- Task statement: Retype, word for word, each line between the lines holding "Calculator and paperwork" and "kitchen with crown", inclusive, and leave the rest of the data alone.

Stored entries:
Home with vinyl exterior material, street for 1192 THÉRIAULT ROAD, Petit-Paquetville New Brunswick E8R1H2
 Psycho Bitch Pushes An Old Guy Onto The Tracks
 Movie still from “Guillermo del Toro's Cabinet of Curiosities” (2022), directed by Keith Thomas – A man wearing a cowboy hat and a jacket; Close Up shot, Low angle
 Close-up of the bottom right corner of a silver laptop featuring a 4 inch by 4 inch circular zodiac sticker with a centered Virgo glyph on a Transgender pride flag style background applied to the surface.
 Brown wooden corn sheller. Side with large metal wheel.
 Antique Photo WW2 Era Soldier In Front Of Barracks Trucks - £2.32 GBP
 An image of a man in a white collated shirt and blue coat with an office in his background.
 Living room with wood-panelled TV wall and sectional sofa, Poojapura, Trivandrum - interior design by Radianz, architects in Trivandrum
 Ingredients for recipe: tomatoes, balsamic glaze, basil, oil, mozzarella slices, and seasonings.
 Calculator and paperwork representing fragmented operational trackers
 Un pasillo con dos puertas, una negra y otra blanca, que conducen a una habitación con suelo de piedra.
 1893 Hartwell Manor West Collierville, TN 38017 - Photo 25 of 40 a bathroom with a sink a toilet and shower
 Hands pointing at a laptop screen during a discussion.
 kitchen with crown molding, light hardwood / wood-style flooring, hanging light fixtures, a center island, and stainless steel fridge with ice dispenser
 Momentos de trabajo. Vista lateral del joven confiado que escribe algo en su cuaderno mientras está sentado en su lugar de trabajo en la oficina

- Task answer:
 Calculator and paperwork representing fragmented operational trackers
 Un pasillo con dos puertas, una negra y otra blanca, que conducen a una habitación con suelo de piedra.
 1893 Hartwell Manor West Collierville, TN 38017 - Photo 25 of 40 a bathroom with a sink a toilet and shower
 Hands pointing at a laptop screen during a discussion.
 kitchen with crown molding, light hardwood / wood-style flooring, hanging light fixtures, a center island, and stainless steel fridge with ice dispenser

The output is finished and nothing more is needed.